Rational-Valued, Small-Prime-Based Qubit-Qutrit and Rebit-Retrit Rank-4/Rank-6 Conjectured Hilbert-Schmidt Separability Probability Ratios

TL;DR

This paper estimates Hilbert-Schmidt separability probabilities for low-rank quantum states using a Wishart-Laguerre based random matrix generation, proposing conjectures for specific ratios and probabilities in rebit-retrit systems.

Contribution

It introduces a procedure for generating random density matrices of specific ranks and conjectures exact separability probabilities and ratios for rebit-retrit systems, supported by extensive numerical simulations.

Findings

Estimated separability probability for rank-4 rebit-retrit states: approximately 0.00774.

Conjectured full-rank rebit-retrit separability probability: 860/6561 (~0.1311).

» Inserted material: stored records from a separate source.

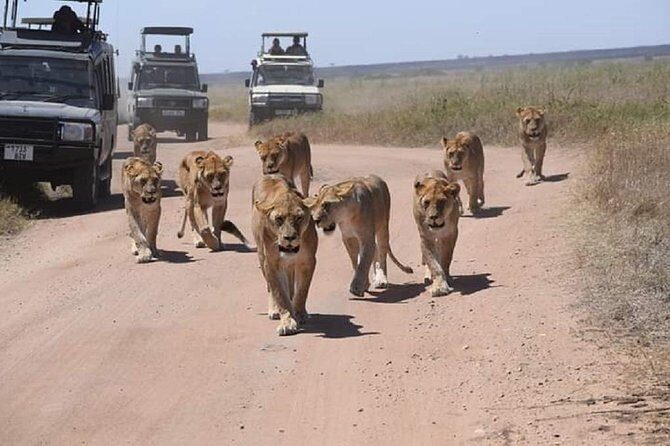3 days fly in safari - Wildlife viewing tactics that match this exact schedule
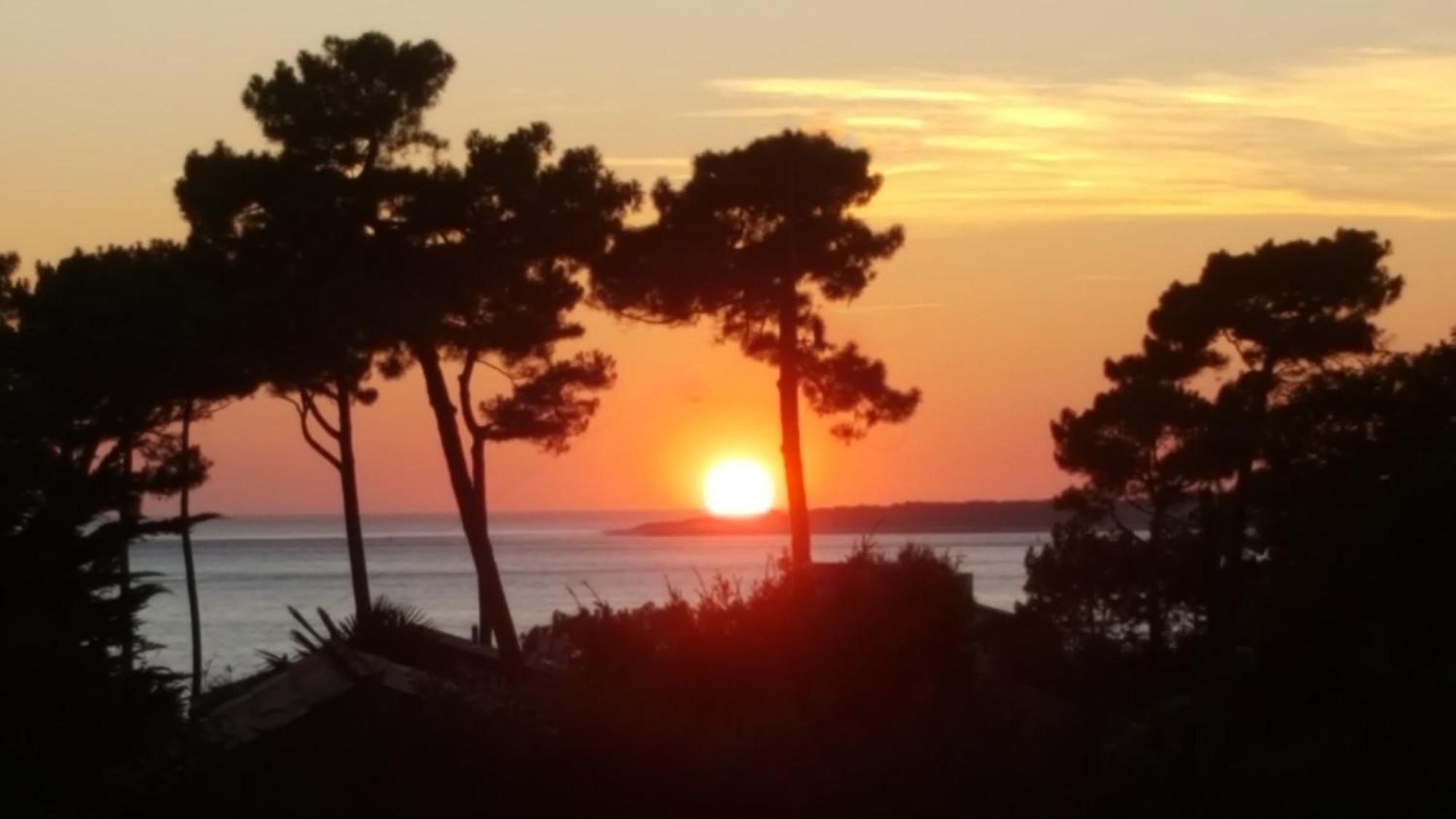 Chambre D'Hotes Pyla Sur Mer La Teste-de-Buch Esterno foto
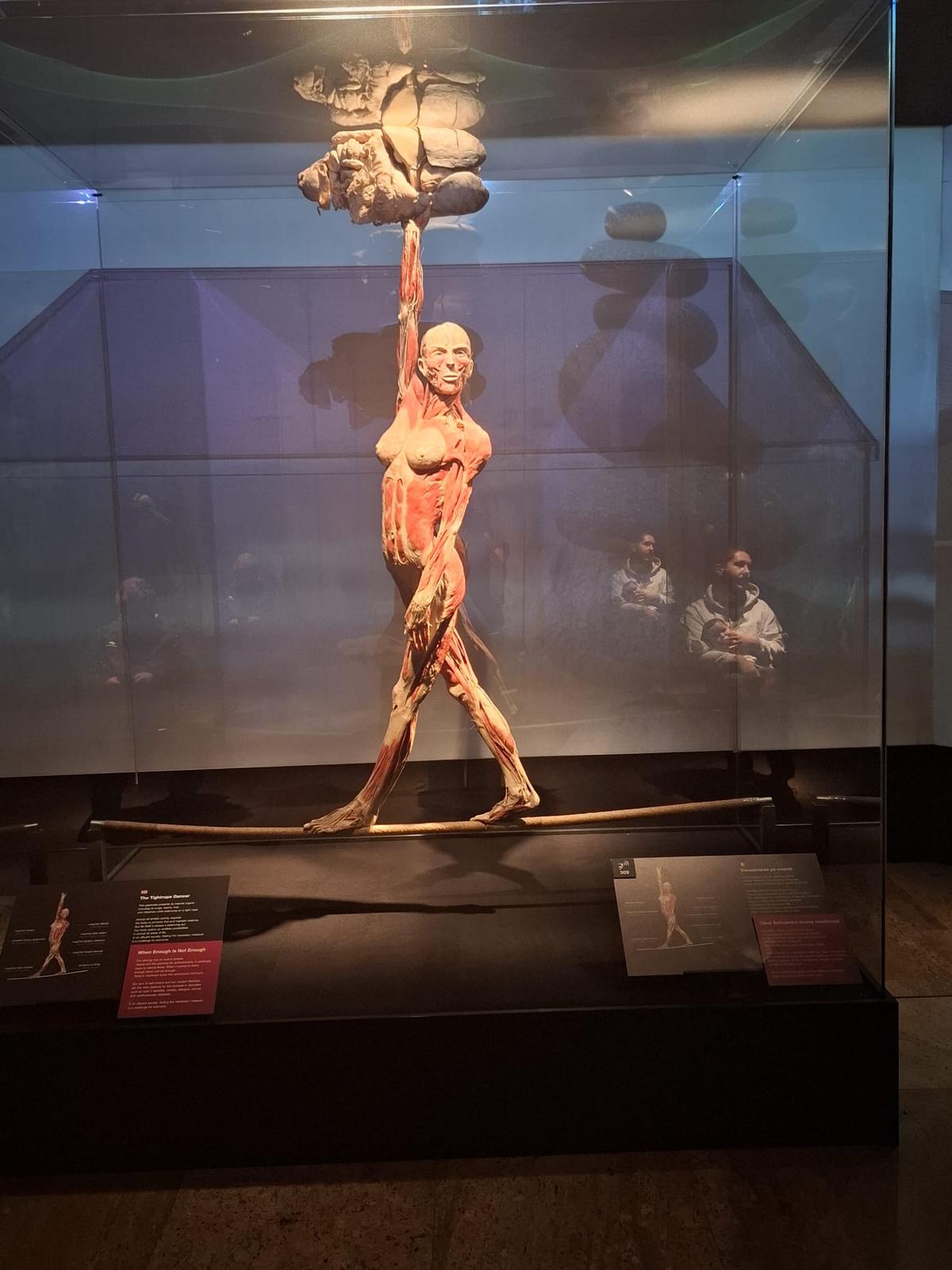 Expoziția Body Worlds Vitals de la București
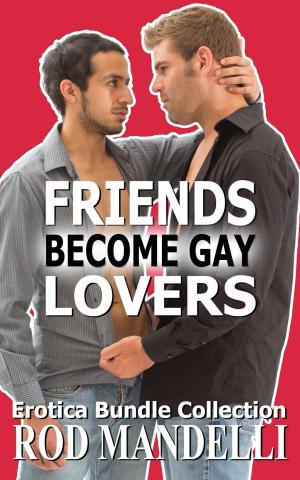 Cover of Friends Become Gay Lovers Erotica Bundle Collection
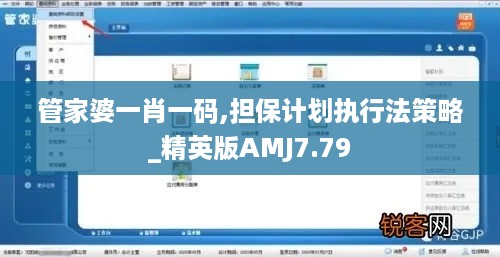 管家婆一肖一码,担保计划执行法策略_精英版AMJ7.79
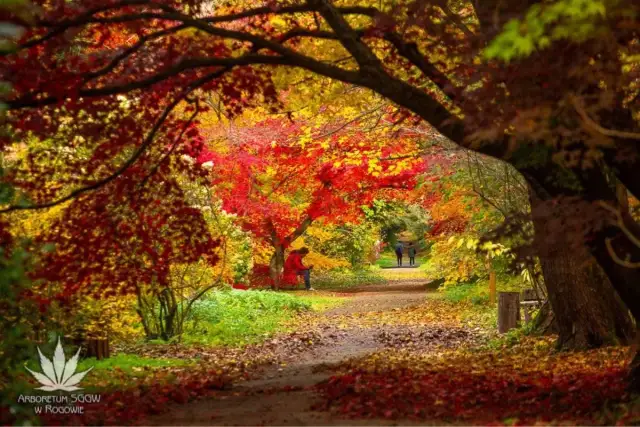 Arboretum Rogów: Co Zobaczyć? Atrakcje, Bilety, Sezonowe Cuda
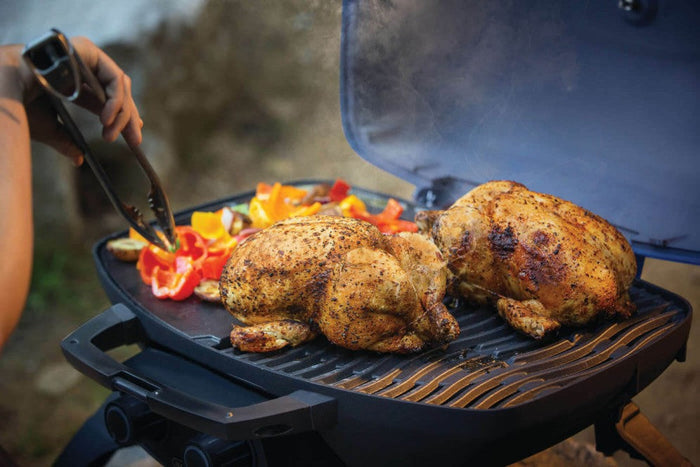 Portable gas grill for camping cooking chicken and vegetables outdoors.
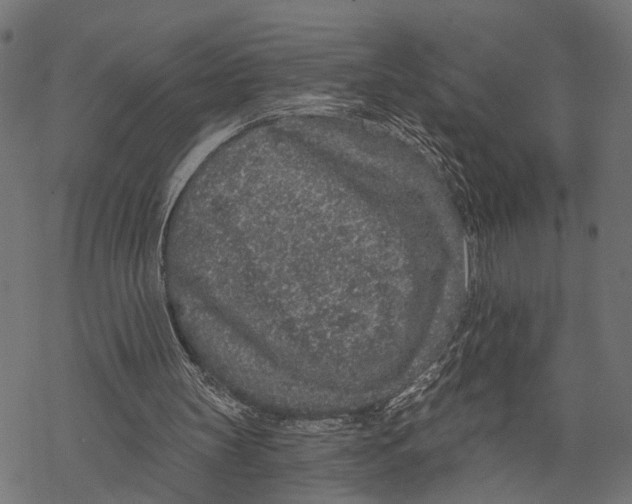 X0000067920147200605041718
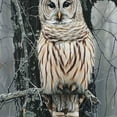 thumbnail image 6 of WYYP Owl, Tree Branch, Forest Round Table Cover 100% Polyester Outdoor Fitted White, 6 of 8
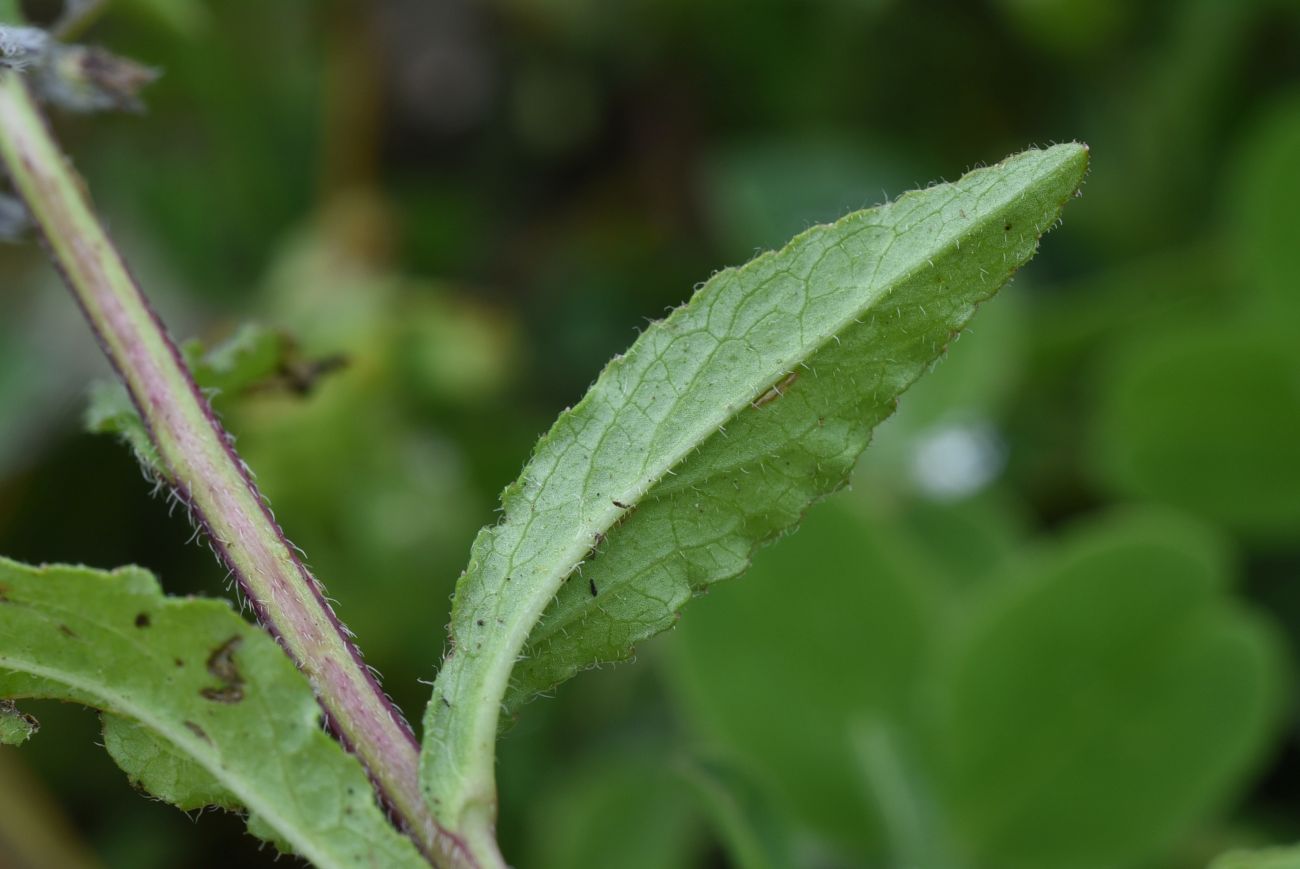 Image of genus Campanula specimen.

Proposed ratio of rank-4 to rank-6 probabilities: 59049/1000000 (~0.05905).

Abstract

We implement a procedure-based on the Wishart-Laguerre distribution-recently outlined by {\.Z}yczkowski and Khvedelidze, Rogojin and Abgaryan, for the generation of random (complex or real) $N \times N$ density matrices of rank $k \leq N$ with respect to Hilbert-Schmidt (HS) measure. In the complex case, one commences with a Ginibre matrix $A$ of dimensions $k \times k+ 2 (N-k)$, while for a real scenario, one employs a Ginibre matrix $B$ of dimensions $k \times k+1+ 2 (N-k)$. Then, the $k \times k$ product $A A^{\dagger}$ or $B B^T$ is diagonalized-padded with zeros to size $N \times N$-and rotated, obtaining a random density matrix. Implementing the procedure for rank-4 rebit-retrit states, for 800 million Ginibre-matrix realizations, 6,192,047 were found separable, for a sample probability of .00774006-suggestive of an exact value $\frac{387}{5000} =\frac{3^2 \cdot 43}{2^3 \cdot 5^4}=.0774$. A conjecture for the HS separability probability of rebit-retrit systems of full rank is $\frac{860}{6561} =\frac{2^2 \cdot 5 \cdot 43}{3^8} \approx 0.1310775$ (the two-rebit counterpart has been proven to be $\frac{29}{64}=\frac{29}{2^6}$). Subject to these conjectures, the ratio of the rank-4 to rank-6 probabilities would be $\frac{59049}{1000000}=\frac{3^{10}}{2^6 \cdot 5^6} \approx 0.059049$, with the common factor 43 cancelling. As to the intermediate rank-5 probability, a 2006 theorem of Szarek, Bengtsson and {\.Z}ycskowski informs us that it must be one-half the rank-6 probability-itself conjectured to be $\frac{27}{1000} =\frac{3^3}{2^3 \cdot 5^3}$, while for rank 3 or less, the associated probabilities must be 0 by a 2009 result of Ruskai and Werner. We are led to re-examine a 2005 qubit-qutrit analysis of ours, in these regards, and now find evidence for a $\frac{70}{2673}=\frac{2 \cdot 5 \cdot 7}{ 3^5 \cdot 11} \approx 0.0261878$ rank-4 to rank-6 probability ratio.